**REQUIRED WORK:** Below are records; reproduce exactly the lines from the first through the one containing "(d) Sage Dart Series Fly Rods".
+++ DATA EXCERPTS
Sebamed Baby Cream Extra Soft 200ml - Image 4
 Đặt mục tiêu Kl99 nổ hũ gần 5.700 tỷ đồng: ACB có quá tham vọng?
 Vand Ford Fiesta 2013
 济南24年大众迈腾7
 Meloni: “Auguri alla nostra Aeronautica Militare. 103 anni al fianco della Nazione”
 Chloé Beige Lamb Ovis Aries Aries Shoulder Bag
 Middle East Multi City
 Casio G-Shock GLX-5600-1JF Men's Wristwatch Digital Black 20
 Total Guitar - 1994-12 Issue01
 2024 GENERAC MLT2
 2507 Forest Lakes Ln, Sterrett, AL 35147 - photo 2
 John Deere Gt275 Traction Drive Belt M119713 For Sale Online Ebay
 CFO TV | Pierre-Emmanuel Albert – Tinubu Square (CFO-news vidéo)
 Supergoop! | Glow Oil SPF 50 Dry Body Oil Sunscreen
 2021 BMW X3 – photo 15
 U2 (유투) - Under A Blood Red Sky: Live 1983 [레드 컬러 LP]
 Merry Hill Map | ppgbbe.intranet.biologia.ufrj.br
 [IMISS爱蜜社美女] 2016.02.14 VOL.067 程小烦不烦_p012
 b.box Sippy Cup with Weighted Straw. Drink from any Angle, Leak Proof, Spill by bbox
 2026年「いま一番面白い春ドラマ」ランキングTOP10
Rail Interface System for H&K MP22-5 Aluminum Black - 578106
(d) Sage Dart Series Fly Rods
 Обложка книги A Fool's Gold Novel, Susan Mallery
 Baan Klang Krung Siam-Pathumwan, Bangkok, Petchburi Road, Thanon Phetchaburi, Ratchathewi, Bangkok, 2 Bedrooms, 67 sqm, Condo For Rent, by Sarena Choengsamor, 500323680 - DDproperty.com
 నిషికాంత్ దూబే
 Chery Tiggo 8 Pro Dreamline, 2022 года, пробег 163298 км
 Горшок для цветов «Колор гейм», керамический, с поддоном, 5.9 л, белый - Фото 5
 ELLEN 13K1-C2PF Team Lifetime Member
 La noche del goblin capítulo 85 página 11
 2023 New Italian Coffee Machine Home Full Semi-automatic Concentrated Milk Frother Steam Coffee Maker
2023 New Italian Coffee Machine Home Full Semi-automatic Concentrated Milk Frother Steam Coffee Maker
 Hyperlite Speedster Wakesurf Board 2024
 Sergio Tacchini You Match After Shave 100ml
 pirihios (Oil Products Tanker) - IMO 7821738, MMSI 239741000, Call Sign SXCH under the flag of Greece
++++++
**ANSWER SECTION:**
Sebamed Baby Cream Extra Soft 200ml - Image 4
 Đặt mục tiêu Kl99 nổ hũ gần 5.700 tỷ đồng: ACB có quá tham vọng?
 Vand Ford Fiesta 2013
 济南24年大众迈腾7
 Meloni: “Auguri alla nostra Aeronautica Militare. 103 anni al fianco della Nazione”
 Chloé Beige Lamb Ovis Aries Aries Shoulder Bag
 Middle East Multi City
 Casio G-Shock GLX-5600-1JF Men's Wristwatch Digital Black 20
 Total Guitar - 1994-12 Issue01
 2024 GENERAC MLT2
 2507 Forest Lakes Ln, Sterrett, AL 35147 - photo 2
 John Deere Gt275 Traction Drive Belt M119713 For Sale Online Ebay
 CFO TV | Pierre-Emmanuel Albert – Tinubu Square (CFO-news vidéo)
 Supergoop! | Glow Oil SPF 50 Dry Body Oil Sunscreen
 2021 BMW X3 – photo 15
 U2 (유투) - Under A Blood Red Sky: Live 1983 [레드 컬러 LP]
 Merry Hill Map | ppgbbe.intranet.biologia.ufrj.br
 [IMISS爱蜜社美女] 2016.02.14 VOL.067 程小烦不烦_p012
 b.box Sippy Cup with Weighted Straw. Drink from any Angle, Leak Proof, Spill by bbox
 2026年「いま一番面白い春ドラマ」ランキングTOP10
Rail Interface System for H&K MP22-5 Aluminum Black - 578106
(d) Sage Dart Series Fly Rods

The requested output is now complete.